▸ **Data to process**:
____

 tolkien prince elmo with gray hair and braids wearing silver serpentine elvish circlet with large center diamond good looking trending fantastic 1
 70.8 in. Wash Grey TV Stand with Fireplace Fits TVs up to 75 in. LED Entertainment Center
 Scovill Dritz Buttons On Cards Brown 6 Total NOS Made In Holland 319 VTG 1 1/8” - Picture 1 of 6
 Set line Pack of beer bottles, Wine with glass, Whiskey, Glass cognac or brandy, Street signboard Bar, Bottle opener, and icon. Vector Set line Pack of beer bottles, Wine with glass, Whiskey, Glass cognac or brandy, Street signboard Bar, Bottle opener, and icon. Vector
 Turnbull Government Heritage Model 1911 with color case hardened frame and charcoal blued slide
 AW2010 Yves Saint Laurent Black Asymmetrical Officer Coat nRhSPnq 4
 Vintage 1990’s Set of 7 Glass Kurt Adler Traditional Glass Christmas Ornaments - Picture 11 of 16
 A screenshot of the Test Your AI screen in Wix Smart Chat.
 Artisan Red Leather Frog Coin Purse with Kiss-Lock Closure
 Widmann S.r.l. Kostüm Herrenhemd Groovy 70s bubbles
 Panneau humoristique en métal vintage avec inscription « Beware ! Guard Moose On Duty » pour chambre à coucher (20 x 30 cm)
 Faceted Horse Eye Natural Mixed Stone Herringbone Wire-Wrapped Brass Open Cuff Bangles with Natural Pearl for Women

____

▸ **Work task**: Everything from the first line of the data through the line holding "Scovill Dritz Buttons" should be output exactly, and no other lines.

▸ **Task output**:
 tolkien prince elmo with gray hair and braids wearing silver serpentine elvish circlet with large center diamond good looking trending fantastic 1
 70.8 in. Wash Grey TV Stand with Fireplace Fits TVs up to 75 in. LED Entertainment Center
 Scovill Dritz Buttons On Cards Brown 6 Total NOS Made In Holland 319 VTG 1 1/8” - Picture 1 of 6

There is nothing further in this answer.